Suppose I have $a_1,\cdots,a_r$ with $a_i\geq 0, \forall i$.
How to prove $$\sum_{i=1}^r (r-1)a_i^2\geq\sum_{i,j=1\\i\neq j}^r a_ja_i$$
I try to use the formula $$\frac{a_i+a_j}{2}\geq \sqrt{a_ia_j}$$
however, I still cannot obtain a clear form. It also seems that we could combine some terms together; however, I cannot fully understand.
Want to show $\sum_{i=1}^r (r-1)a_i^2 \geq\sum_{i,j=1\\i\neq j}^r a_ja_i $
Since $\frac1{r}\sum_{i=1}^r a_i \le \left(\frac1{r}\sum_{i=1}^r a_i^2\right)^{1/2} $, $\left(\frac1{r}\sum_{i=1}^r a_i\right)^2 \le \frac1{r}\sum_{i=1}^r a_i^2 $, so that $\left(\sum_{i=1}^r a_i\right)^2 \le r\sum_{i=1}^r a_i^2 $.

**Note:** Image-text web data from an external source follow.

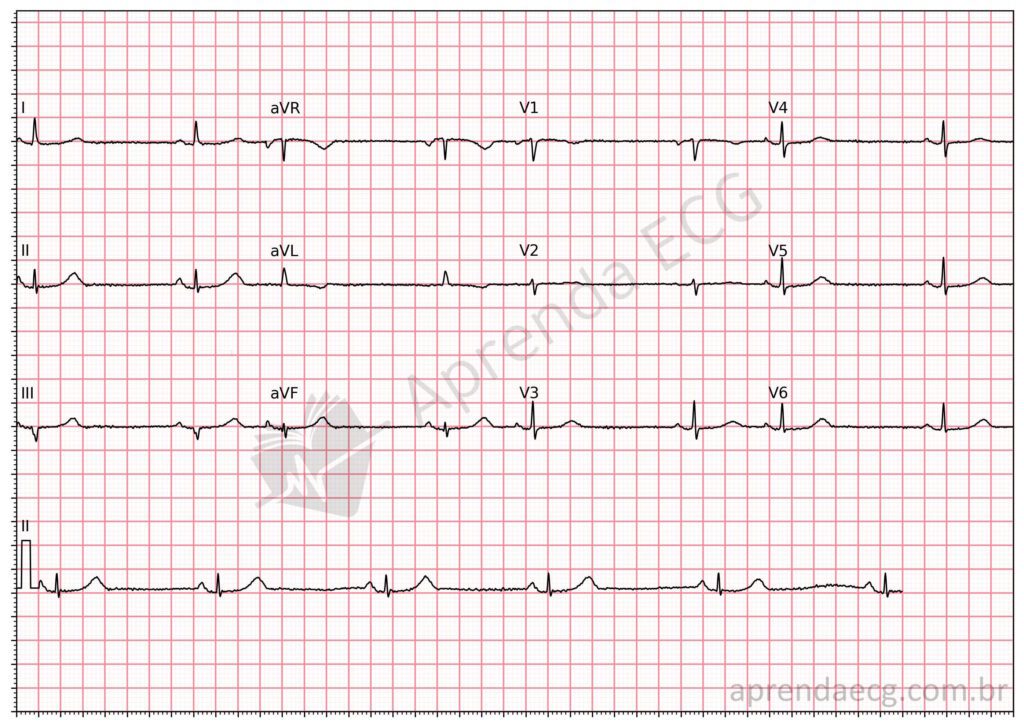 Eletrocardiograma no hipotireoidismo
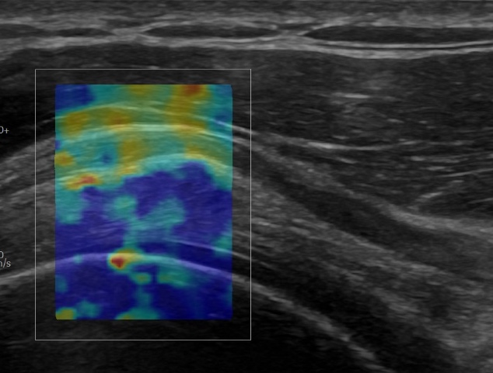 Logiq fortis Imagen10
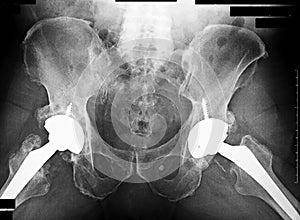 Total Hip replacement Xray, left and right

Note: In response to a request for a proof of this, see this article: https://en.wikipedia.org/wiki/Generalized_mean
Therefore
$\begin{array}\\ \sum_{i,j=1\\i\neq j}^r a_ja_i &=\sum_{i=1}^r\sum_{j=1, j \ne i}^r a_ja_i\\ &=\sum_{i=1}^r\left(\sum_{j=1}^r a_ja_i-a_i^2\right)\\ &=\sum_{i=1}^r\sum_{j=1}^r a_ja_i-\sum_{i=1}^ra_i^2\\ &=\sum_{i=1}^ra_i\sum_{j=1}^r a_j-\sum_{i=1}^ra_i^2\\ &=\left(\sum_{i=1}^ra_i\right)^2-\sum_{i=1}^ra_i^2\\ &\le r\sum_{i=1}^r a_i^2-\sum_{i=1}^ra_i^2\\ &=(r-1)\sum_{i=1}^r a_i^2\\ \end{array} $